The Israeli Public Security Minister Gilad Erdan announced hits internet censorship plans in an article in the Times of Israel, where he calls for “developing legislation in conjunction with European countries,” most of which “are very interested in this idea.”
The legislation would have common features, such as defining what constitutes incitement and what the responsibilities of social networks regarding it are, a spokesman for the minister told the Israeli-based newspaper.
“Companies that do not comply will find themselves hauled into court, paying a penalty,” he added.
According to the plan, the participating countries would be part of a “loose coalition that would keep an eye on content and where it was being posted, and members of the coalition would work to demand that the platforms remove the content that was posted in any of their countries at the request of members.”
“This is a perfectly logical and just project,” Erdan’s spokesperson said. “If a hotel was being used as a venue for a hate group, we would demand that the hotel break its contract, and we would lean on other hotels to abstain from hosting them, so that the hate group would not be able to hold its event. This is no different.”
Although the Israelis are attempting to disguise the project as a counter to Palestinians posting “violence promoting material” on the Internet, it is clear that the extension of this “coalition” has a far wider scope.

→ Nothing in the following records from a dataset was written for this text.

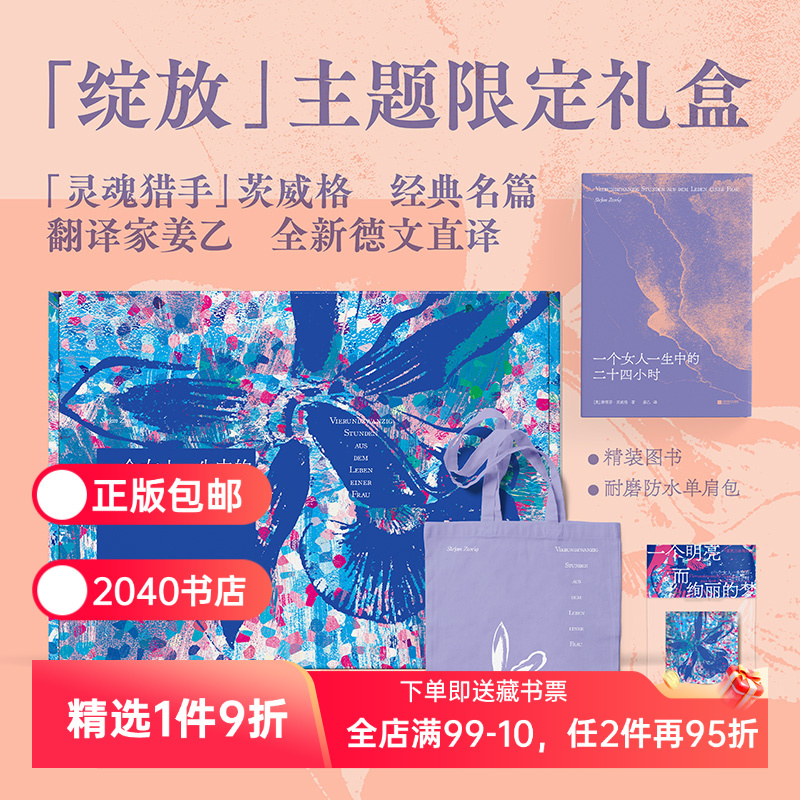 一个女人一生中的二十四小时(礼盒版) 斯蒂芬·茨威格 姜乙德文直译 赠紫色帆布袋和冰箱贴 外国文学礼盒 礼品书 2040书店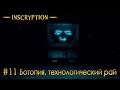 Inscryption: Акт 3: часть 11 - Ботопия, технологический рай (прохождение)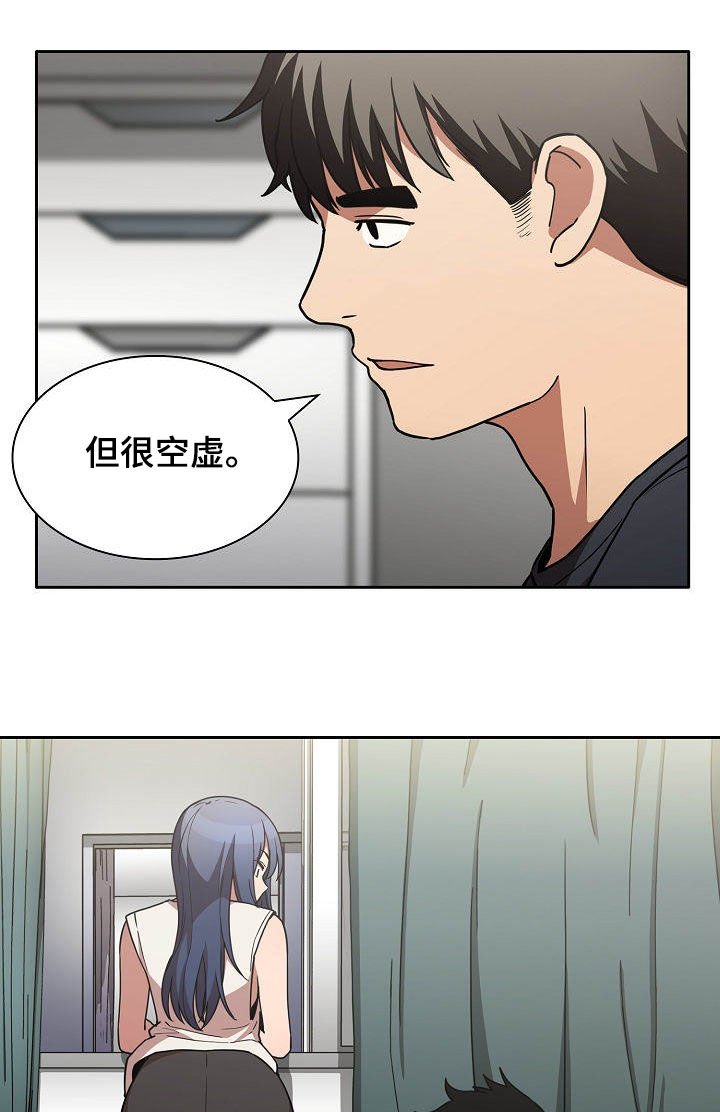 第81章：我喜欢你
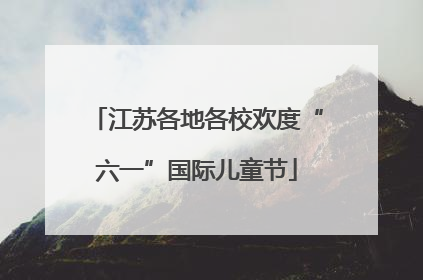 江苏各地各校欢度“六一”国际儿童节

Justifying the plan, Erdan’s office used an example of a Palestinian who allegedly posted up a body chart showing where the best places were to stab someone fatally—apparently a reference to the recent spate of knife attacks on Jews in Israel.

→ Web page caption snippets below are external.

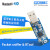 低功耗蓝牙4.0 BLE USB Dongle适配器 BTool协议分析仪抓包工具 BTool固件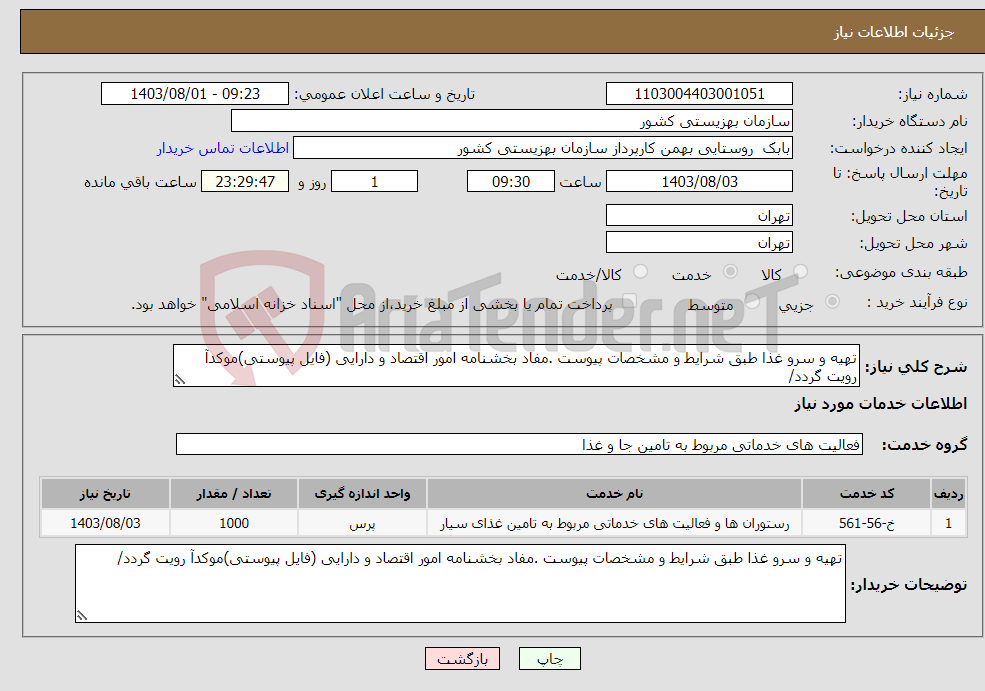 تصویر کوچک آگهی نیاز انتخاب تامین کننده-تهیه و سرو غذا طبق شرایط و مشخصات پیوست .مفاد بخشنامه امور اقتصاد و دارایی (فایل پیوستی)موکدآ رویت گردد/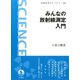 みんなの放射線測定入門（岩波書店） [電子書籍]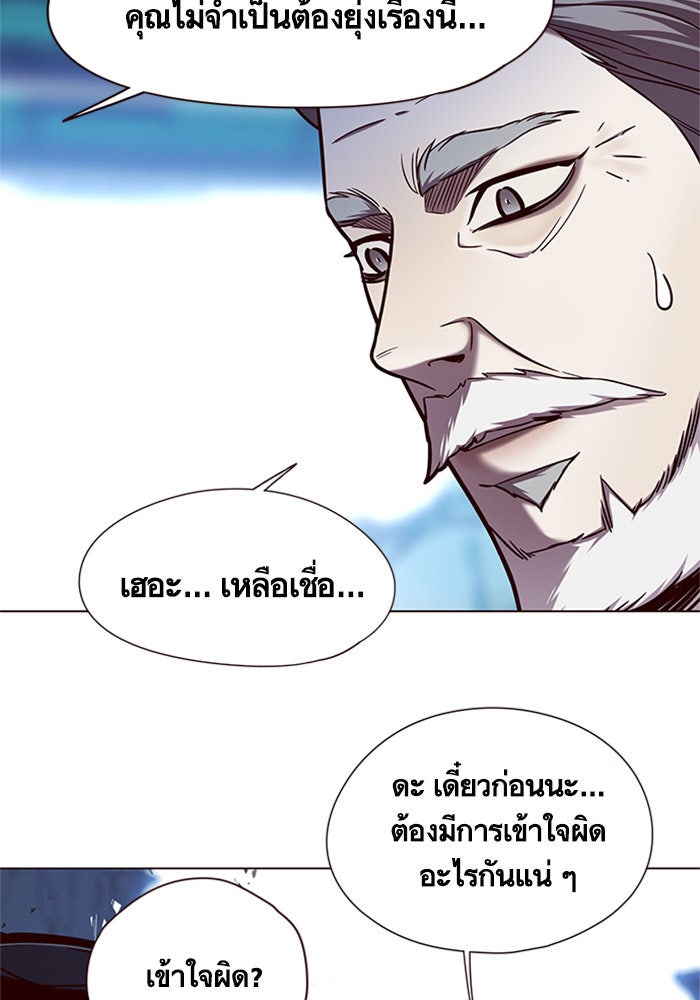 Eleceed - หน้า 29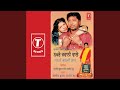 Saada Hi Bhraa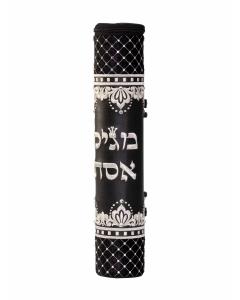 Luxury Black/White Scroll Megillah Case  - Small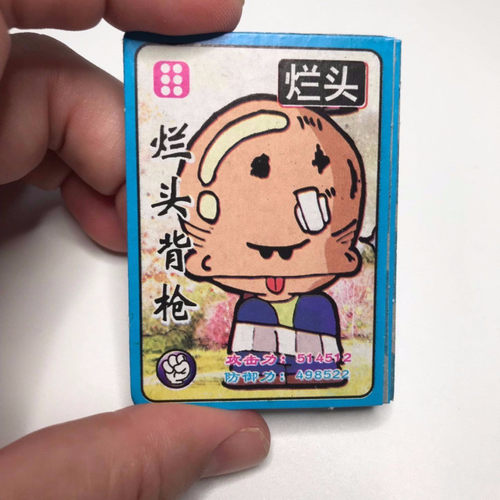 烂头背枪纸牌抢卡鸡蜂虎人儿童游戏小学生校周边斗兽军棋益智玩具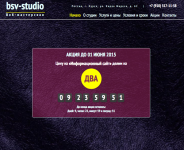 Лендинг для веб-мастерской BSV-STUDIO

The number of postings of that nature are, however, tiny in comparison to the volume of material going up on the Internet, and there are already more than sufficient methods in place to deal with such incidents and get them removed.
Nonetheless, Erdan’s spokesman said the “coalition” would “force the world’s leading social media giants to prevent their platforms from being abused to peddle incitement to terrorism.”
The social media giants “make millions but claim they are not responsible for content, and that they only provide a platform,” a spokesperson for Erdan told the Times of Israel. “That is not going to wash. We are planning to put a stop to this irresponsibility, and we are going to do it as part of an international coalition that has had enough of this behavior as well.”